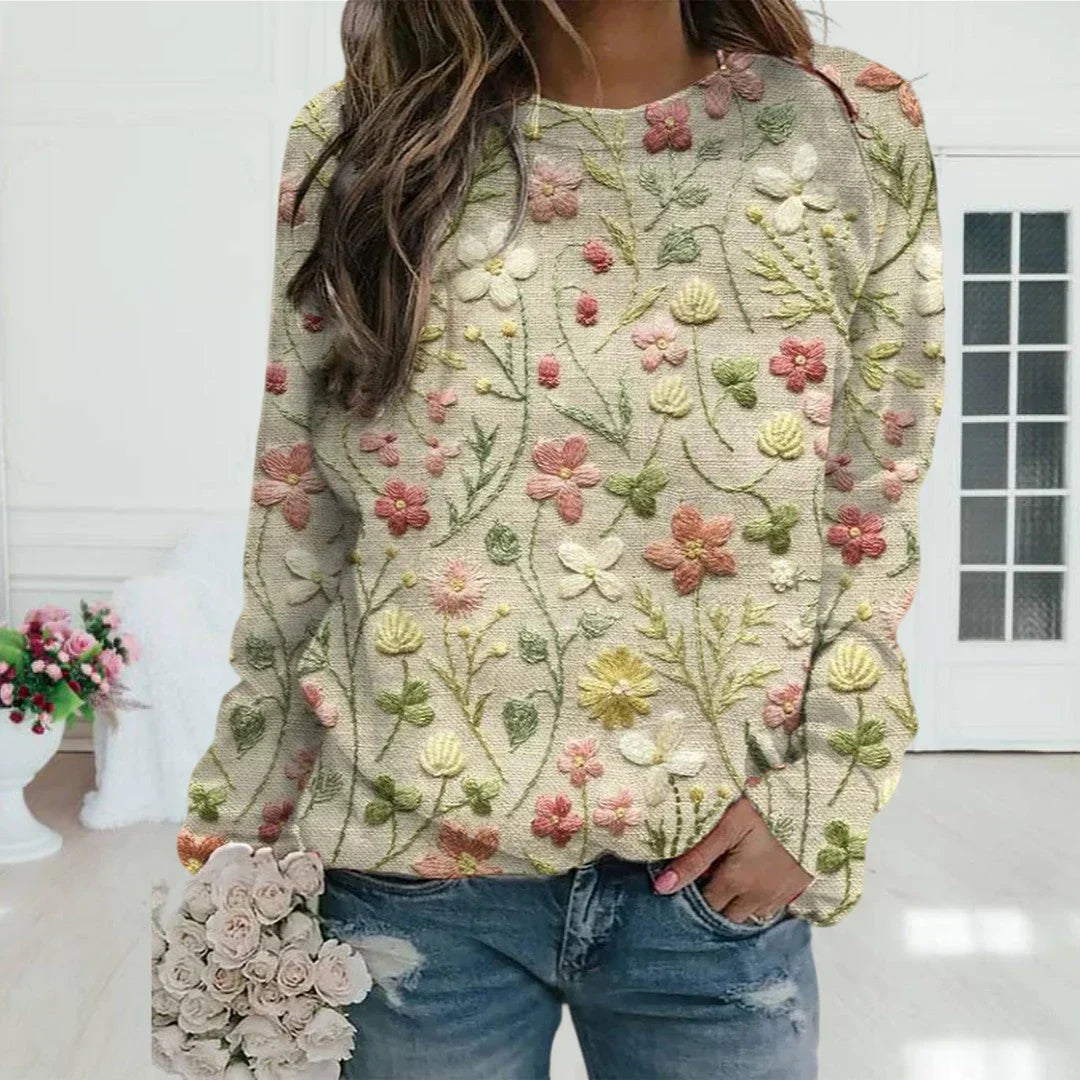 Classic Floral Embroidery Sweater for Women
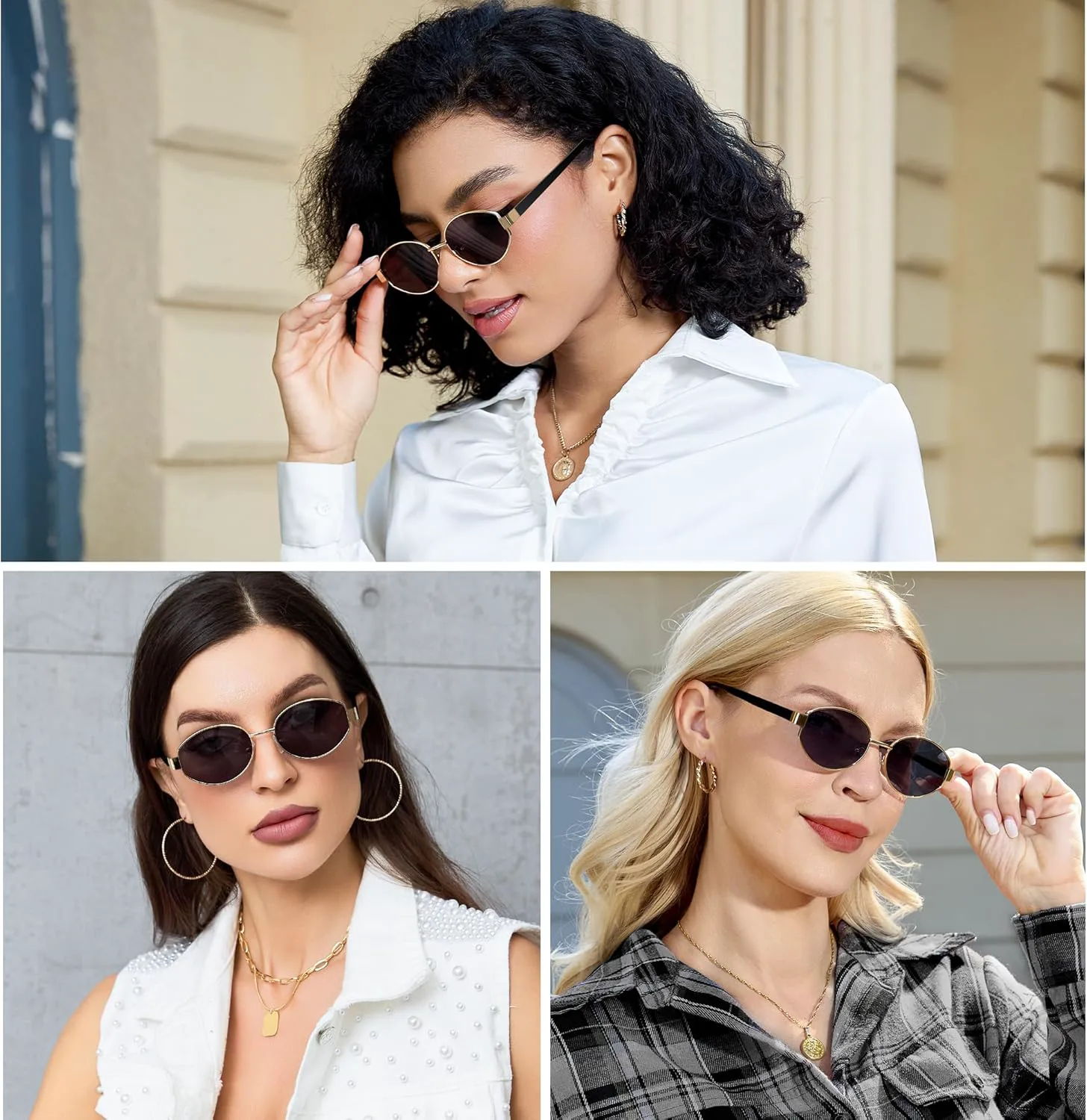 

Солнцезащитные очки SUNGAIT Retro Oval для женщин, поляризованные, модные, классические, с защитой от УФ-излучения UV400, Gold Frame/Gray Lens (With Case)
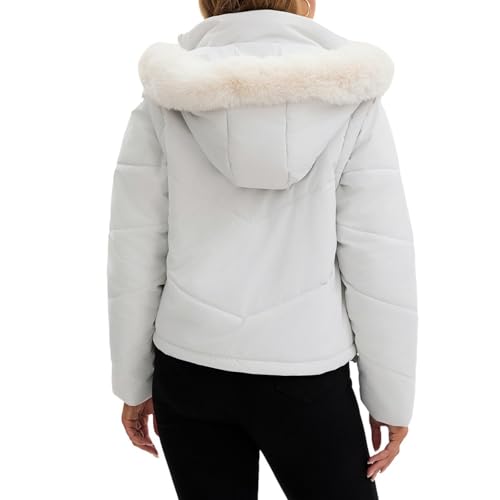 Women's Winter Cropped Padded Coat Thicken Quilted Puffer Jacket Long Sleeve Warm Parka with Detachable Faux Fur Hood4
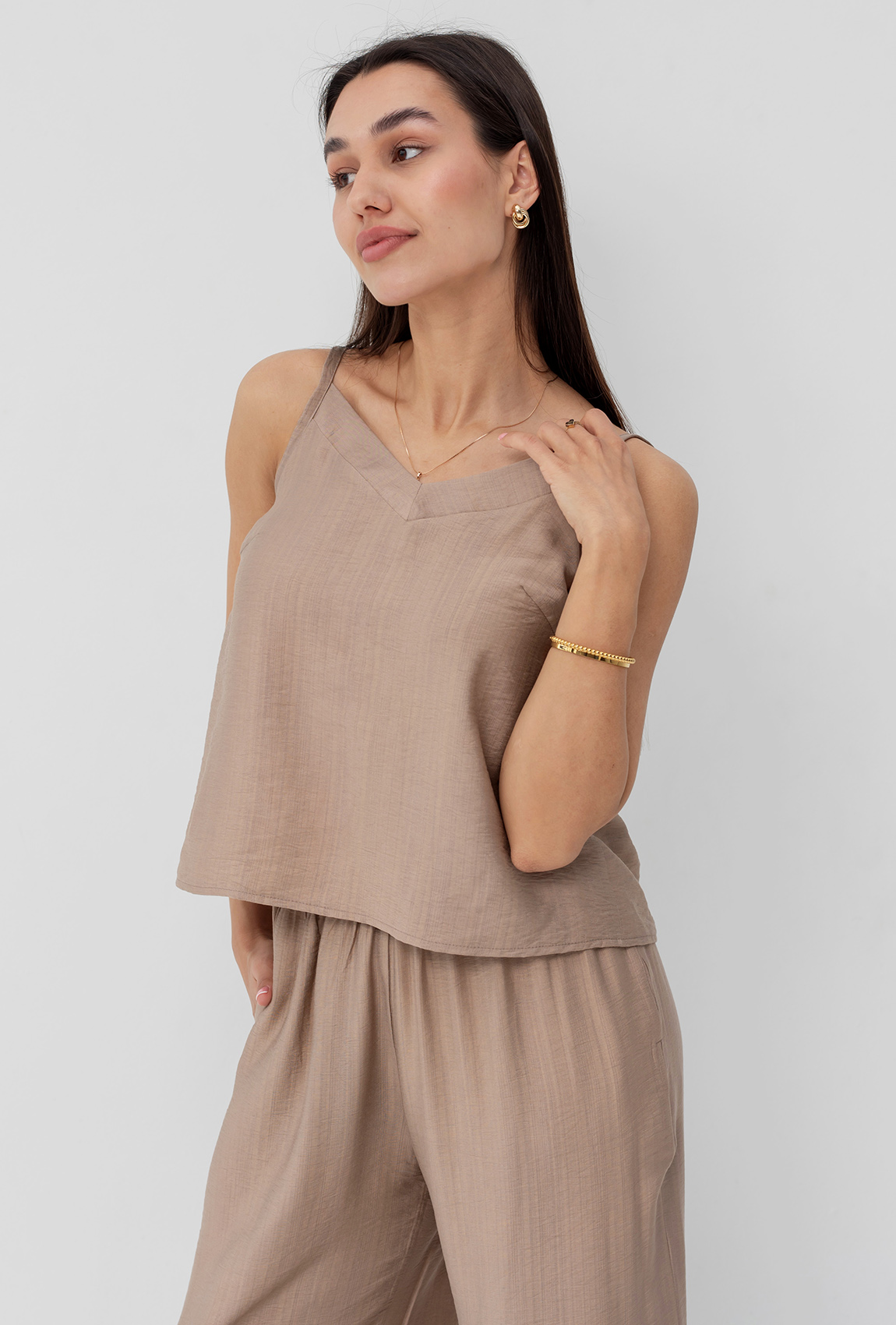 Бежевый костюм кимоно тройка —  517495. Maritel. Изображенние 6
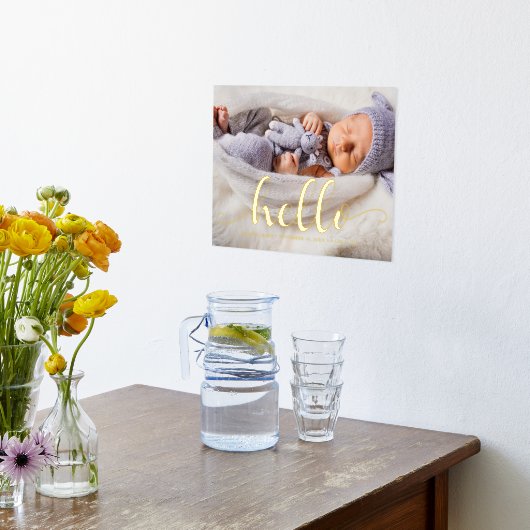Script Letting "Hello" Baby Foto Foliendrucke (Ablage(Küche))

####

Assignment
Return the data exactly as it stands, minus the pictures.

Completed task
 Classic Floral Embroidery Sweater for Women

Солнцезащитные очки SUNGAIT Retro Oval для женщин, поляризованные, модные, классические, с защитой от УФ-излучения UV400, Gold Frame/Gray Lens (With Case)
 Women's Winter Cropped Padded Coat Thicken Quilted Puffer Jacket Long Sleeve Warm Parka with Detachable Faux Fur Hood4
 Бежевый костюм кимоно тройка —  517495. Maritel. Изображенние 6
Script Letting "Hello" Baby Foto Foliendrucke (Ablage(Küche))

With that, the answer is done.